Doing Well by Doing Good: Why Patagonia Makes a Profit, Naturally
Corporate sustainability -- no longer just the latest collection
of business buzzwords -- now is a required feature in the mission
statement, annual report, and work-force makeup of many companies. In fact, corporate sustainability is becoming more and more important in the business community -- now, you can even track the performances of leading sustainable-driven companies via the Dow Jones Sustainability Index, while the Greenhouse Gas Protocol monitors and measures corporate greenhouse gas emissions.
Companies as varied as DuPont, Unilever, and 3M are among those considered to be "leading the way." Still, many consumers view business sustainability with skepticism, frequently questioning whether actual practices amount to more than greenwashing. A common argument goes, if the goal of business is to make the largest profit and deliver those profits to its shareholders, where and how do sustainability values actually fit in?
Perhaps a lot can be gleaned from Patagonia, a privately-owned outdoors clothing and gear company. The California-based business believes it has found an answer. Its 40-year history proves good business can result from strong values. And it has the profits and loyal customer base to match.
Today, its mission statement reads, "Build the best product, cause no unnecessary harm, and use business to inspire and implement solutions to the environmental crisis." The company didn't begin with this kernel of wisdom, though. The mission statement was crafted from experience.
Shortly after Patagonia's inception, it was discovered the placement and removal of pitons, their top-selling product, was defacing many landmark climbs. Rather than ignore these repercussions, Yvon Chouinard, founder of the company, made a bold decision to back away from the piton business, replacing it with aluminum chocks climbers could wedge by hand instead of by hammer. Additionally, Patagonia decided to promote the ethic behind their new product -- "clean climbing." To their surprise, they were soon selling more chocks than pitons.

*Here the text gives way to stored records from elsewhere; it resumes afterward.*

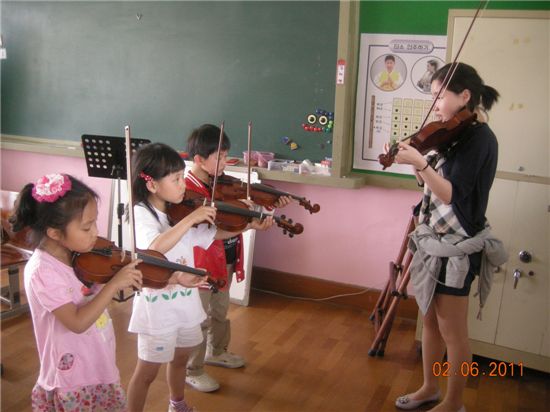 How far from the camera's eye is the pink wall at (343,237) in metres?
3.29

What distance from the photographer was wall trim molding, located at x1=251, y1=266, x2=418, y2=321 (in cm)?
329

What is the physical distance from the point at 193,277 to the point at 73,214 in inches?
16.5

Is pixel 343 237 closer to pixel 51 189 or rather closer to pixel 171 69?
pixel 171 69

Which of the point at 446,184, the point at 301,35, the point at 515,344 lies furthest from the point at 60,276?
the point at 301,35

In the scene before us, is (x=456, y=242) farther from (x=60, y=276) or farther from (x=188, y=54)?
(x=188, y=54)

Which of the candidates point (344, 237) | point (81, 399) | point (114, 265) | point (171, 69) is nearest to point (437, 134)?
point (114, 265)

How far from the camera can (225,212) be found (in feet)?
6.74

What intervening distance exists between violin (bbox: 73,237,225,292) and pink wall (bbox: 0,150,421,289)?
1882mm

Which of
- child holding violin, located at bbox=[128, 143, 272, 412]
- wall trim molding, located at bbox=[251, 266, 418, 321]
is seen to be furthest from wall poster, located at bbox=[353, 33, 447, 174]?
child holding violin, located at bbox=[128, 143, 272, 412]

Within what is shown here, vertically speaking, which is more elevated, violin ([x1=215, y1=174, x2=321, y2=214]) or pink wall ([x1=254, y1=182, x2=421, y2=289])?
violin ([x1=215, y1=174, x2=321, y2=214])

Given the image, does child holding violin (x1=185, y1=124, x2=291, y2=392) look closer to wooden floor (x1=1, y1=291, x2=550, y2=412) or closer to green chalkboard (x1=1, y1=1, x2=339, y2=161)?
wooden floor (x1=1, y1=291, x2=550, y2=412)

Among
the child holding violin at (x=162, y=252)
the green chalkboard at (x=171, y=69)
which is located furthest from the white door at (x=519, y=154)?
the child holding violin at (x=162, y=252)

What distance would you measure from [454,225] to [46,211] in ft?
4.56

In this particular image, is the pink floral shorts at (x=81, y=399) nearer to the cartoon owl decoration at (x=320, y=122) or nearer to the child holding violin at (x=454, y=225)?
the child holding violin at (x=454, y=225) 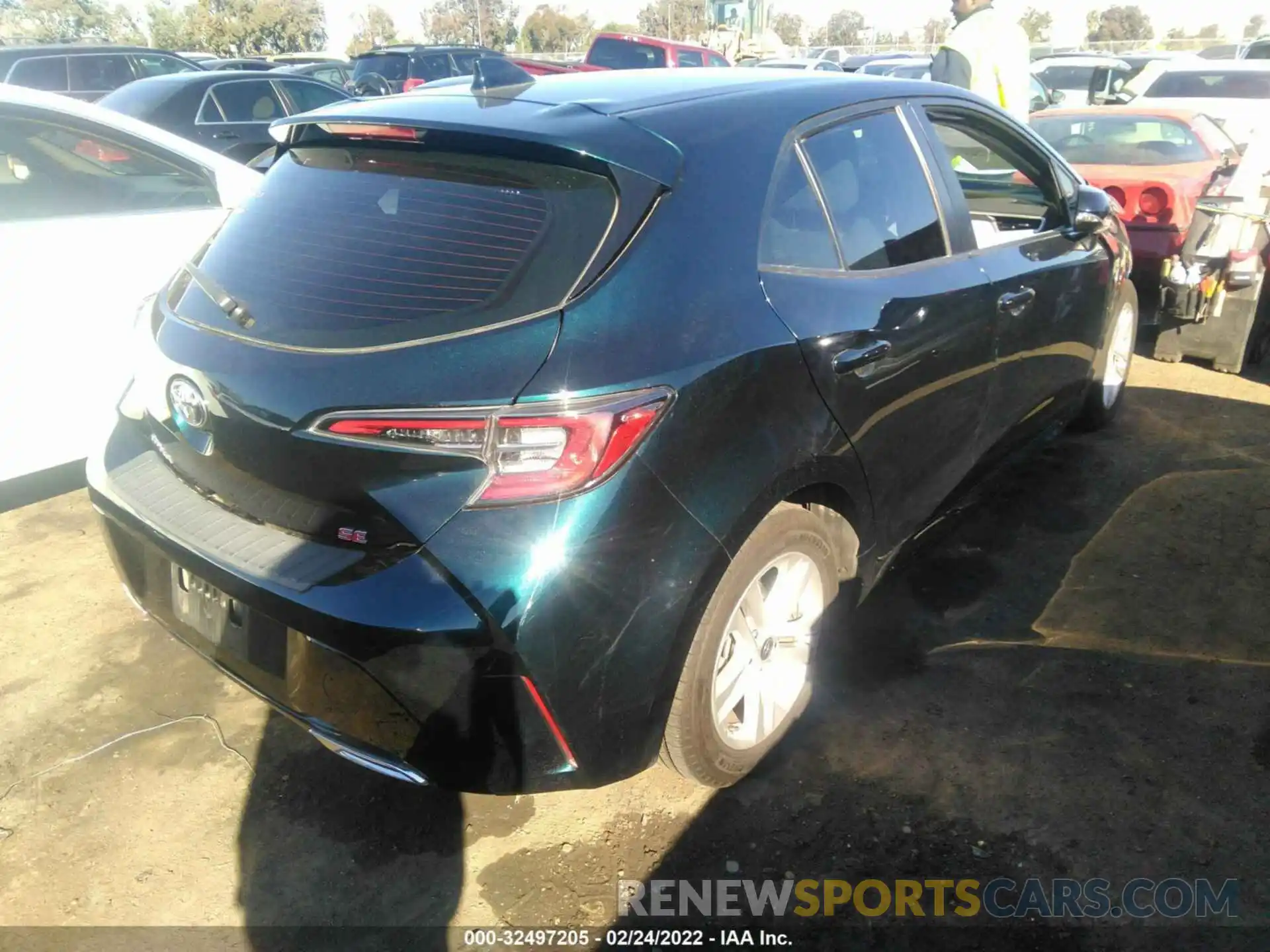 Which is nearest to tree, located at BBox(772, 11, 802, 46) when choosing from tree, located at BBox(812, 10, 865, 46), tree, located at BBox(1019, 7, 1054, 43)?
tree, located at BBox(812, 10, 865, 46)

In the words of Rick Ridgeway, Patagonia's vice president of Environmental Initiatives and Special Media, the lesson was simple: "Do the right thing and it's good for your business."
Rick Ridgeway, VP Environmental Initiatives, Patagonia.
The next major values-based decision followed the realization that industrially grown cotton severely impacts the environment. In 1994, Yvon ordered all Patagonia's cotton clothing be converted to 100 percent organic cotton. By 1996, this was achieved, but it was not easy. The directive occurred at a time when there wasn't enough organic cotton in the world to support the company's needs. Yvon's employees then began convincing farmers overseas to adopt new practices.
Though Patagonia's clothing profits immediately declined, the next year they broke even. By the following year, profits were above the level they were at prior to Yvon's initiative. The challenge of this conversion consumed the company for years. Yet Patagonia knew its manufacturing still had a large environmental footprint. It then decided to pursue what it saw as the next cusp of sustainability -- fully recyclable clothing. Keeping clothing in closed-loop cycles reduces energy use by 70 percent and CO2 emissions by 75 percent compared to virgin fiber, even considering the energy expended in transport.
On top of these initiatives, one of Patagonia's least intuitive business decisions entails donating 1 percent of its sales to carefully chosen environmental non-profits. Surely, this can't help build revenues. But it does. Patagonia's success indicates customers want to support businesses that not only provide quality goods or services, but that also are doing good. Sound ethics promote loyalty and loyalty pays off.
Says Chouinard, "Profit is not the goal, because, as the Zen master would say, profits happen when you do everything else right."